Task statement: Please repeat exactly the lines below from the line with "MULTI COLOR SPLIT" to the line with "Dolce & Gabbana White", including both, and leave out every picture.

Records shown:

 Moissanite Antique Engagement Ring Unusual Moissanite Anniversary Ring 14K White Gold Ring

* * *

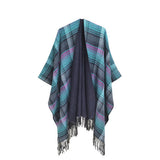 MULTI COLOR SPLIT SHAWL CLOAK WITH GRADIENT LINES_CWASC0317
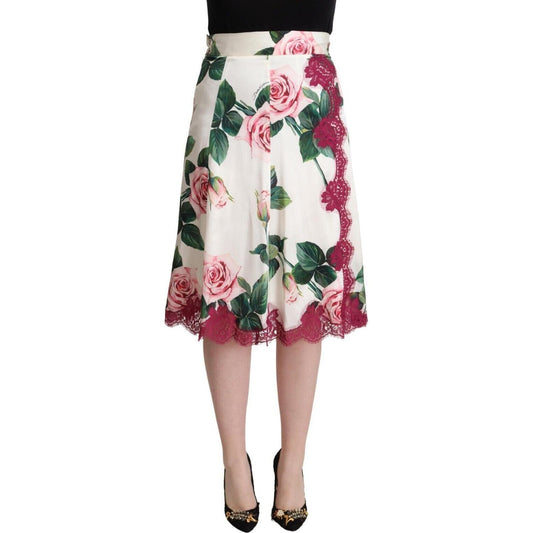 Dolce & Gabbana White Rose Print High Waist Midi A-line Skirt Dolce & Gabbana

Response to the task:
 MULTI COLOR SPLIT SHAWL CLOAK WITH GRADIENT LINES_CWASC0317
 Dolce & Gabbana White Rose Print High Waist Midi A-line Skirt Dolce & Gabbana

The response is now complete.